Dear cryoSPARC team,

Again another SLURM related post from me. Sorry! :wink:

CryoSPARC seems to have predefined setting for different jobs. e.g. “Homogeneous Refinement (NEW!)” always set “{{ ram_gb }}” to 24GB.
Depending on the jobs box/pixel size and final resolution, this is not always enough and it becomes a problem then you have a SLURM setup as I do, where cgroups is enabled. cgroups works as a resource “jail” where a job cannot go beyond it’s allocated resources. Super smart and it makes all resources on processing nodes much more modular.
Thus, a job submitted via cryoSPARC, that requires more RAM than was allocated upon submission, will crash when it reaches the max allowed RAM usage.
Therefore I have made some extra lanes which allocates additional 8 and 16 GB of RAM to jobs.
It is a workable workaround, but not ideal, as users submits many jobs that crashes due to lack of RAM.

Could it be possible to make a more accurate and dynamic estimate on RAM usage?
I guess so, since it should be possible to calculate usage from pixel size, box size and nyquist from each job.
It would be a big relief if one could submit cryoSPARC jobs where allocated resources were more precisely calculated before submission.

//Jesper

+1 for this.

I ended up having to double the memory requested for jobs like Local Refinement to overcome this.

Hi @jelka,

Thanks for reporting this. This is on our radar, and we’ll hopefully be able to re-profile our jobs soon. For the time being, the best way to get around this is to allocate additional memory manually. Sorry for the inconvenience!

@stephan, do you have any more details or time frame for this type of enhancement?

We have a user trying to do a large 3D helical refinement. The job type seems to default to 48GB ram_gb, which we triple in our slurm job submission template (to 144GB), but the job ultimately used 383GB before crashing on a numpy fftw memory allocation failure. We don’t really want to increased the slurm memory multiplier for all jobs, as this doesn’t seem necessary. But being able to do so for some job types and not others would be nice.

Thanks,
-Andrew

Would also like to inquire about this. I have some particles that I would like to down sample, but it appears that their box size is too large and the down sampling job is crashing once it runs out of memory (default is 16 GB for this job type).

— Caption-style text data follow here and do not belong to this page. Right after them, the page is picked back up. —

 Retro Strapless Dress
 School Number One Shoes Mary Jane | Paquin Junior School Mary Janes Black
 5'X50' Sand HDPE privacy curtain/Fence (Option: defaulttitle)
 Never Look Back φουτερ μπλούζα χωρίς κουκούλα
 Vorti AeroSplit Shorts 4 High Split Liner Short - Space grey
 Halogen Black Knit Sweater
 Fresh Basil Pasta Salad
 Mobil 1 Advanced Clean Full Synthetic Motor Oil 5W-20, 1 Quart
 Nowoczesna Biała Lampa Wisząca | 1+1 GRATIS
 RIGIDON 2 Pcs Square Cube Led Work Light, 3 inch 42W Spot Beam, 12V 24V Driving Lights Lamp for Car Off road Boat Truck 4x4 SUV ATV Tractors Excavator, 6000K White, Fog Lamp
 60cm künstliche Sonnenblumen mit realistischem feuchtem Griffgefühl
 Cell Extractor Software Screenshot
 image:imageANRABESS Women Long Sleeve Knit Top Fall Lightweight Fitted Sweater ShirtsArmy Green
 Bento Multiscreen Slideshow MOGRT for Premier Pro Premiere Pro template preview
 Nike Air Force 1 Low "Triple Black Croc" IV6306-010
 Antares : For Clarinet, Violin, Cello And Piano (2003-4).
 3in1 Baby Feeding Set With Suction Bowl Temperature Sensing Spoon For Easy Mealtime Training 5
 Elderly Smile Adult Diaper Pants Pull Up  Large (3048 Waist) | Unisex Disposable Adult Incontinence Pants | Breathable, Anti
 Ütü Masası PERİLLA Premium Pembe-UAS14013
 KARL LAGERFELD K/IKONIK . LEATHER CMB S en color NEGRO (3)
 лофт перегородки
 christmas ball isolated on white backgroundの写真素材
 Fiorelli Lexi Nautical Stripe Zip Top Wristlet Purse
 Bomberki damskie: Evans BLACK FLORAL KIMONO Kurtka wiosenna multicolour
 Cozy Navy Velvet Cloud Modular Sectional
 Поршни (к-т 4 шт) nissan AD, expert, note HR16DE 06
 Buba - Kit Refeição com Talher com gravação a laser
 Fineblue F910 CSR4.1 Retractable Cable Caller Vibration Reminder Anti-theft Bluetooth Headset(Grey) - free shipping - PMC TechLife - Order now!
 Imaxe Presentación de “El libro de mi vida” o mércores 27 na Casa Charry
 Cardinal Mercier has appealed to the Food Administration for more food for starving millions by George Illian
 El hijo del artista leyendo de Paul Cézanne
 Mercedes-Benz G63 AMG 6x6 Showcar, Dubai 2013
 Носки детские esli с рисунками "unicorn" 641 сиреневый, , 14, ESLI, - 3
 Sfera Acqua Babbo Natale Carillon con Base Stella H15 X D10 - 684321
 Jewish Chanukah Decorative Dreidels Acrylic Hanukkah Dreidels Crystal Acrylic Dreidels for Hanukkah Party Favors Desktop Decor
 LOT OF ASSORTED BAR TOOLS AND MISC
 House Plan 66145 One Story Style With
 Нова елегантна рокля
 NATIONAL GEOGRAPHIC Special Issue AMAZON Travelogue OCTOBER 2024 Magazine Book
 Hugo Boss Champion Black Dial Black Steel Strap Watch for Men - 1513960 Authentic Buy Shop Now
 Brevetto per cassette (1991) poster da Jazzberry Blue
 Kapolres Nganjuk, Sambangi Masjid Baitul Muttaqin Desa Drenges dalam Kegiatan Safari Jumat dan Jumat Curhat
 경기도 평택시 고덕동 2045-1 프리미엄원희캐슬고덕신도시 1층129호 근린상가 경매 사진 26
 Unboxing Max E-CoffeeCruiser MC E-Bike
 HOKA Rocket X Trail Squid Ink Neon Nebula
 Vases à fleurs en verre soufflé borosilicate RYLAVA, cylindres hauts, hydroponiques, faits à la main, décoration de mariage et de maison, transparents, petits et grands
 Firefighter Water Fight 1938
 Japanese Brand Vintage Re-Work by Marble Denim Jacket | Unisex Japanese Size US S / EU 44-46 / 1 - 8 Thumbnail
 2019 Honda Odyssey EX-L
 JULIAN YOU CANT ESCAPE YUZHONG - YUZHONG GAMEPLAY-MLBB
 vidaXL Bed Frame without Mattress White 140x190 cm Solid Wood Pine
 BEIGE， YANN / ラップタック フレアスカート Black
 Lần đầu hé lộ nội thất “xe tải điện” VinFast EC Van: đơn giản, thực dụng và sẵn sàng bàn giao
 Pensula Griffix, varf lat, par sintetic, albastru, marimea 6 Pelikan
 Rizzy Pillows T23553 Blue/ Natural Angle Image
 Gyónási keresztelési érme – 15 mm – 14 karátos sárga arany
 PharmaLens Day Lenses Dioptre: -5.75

I would also like to see a more accurate memory calculation. I also want to say that large box reconstructions require much more ram than I would expect. I have a 640px size NU reconstruction that requires at least 160GB of ram. Relion on the other hand does not really require this much ram for the same particle set reconstruction. 160GB ram for 1GPU is quite a bit restrictive to use other 3GPUs. It would be beneficial if the jobs can use less ram if possible.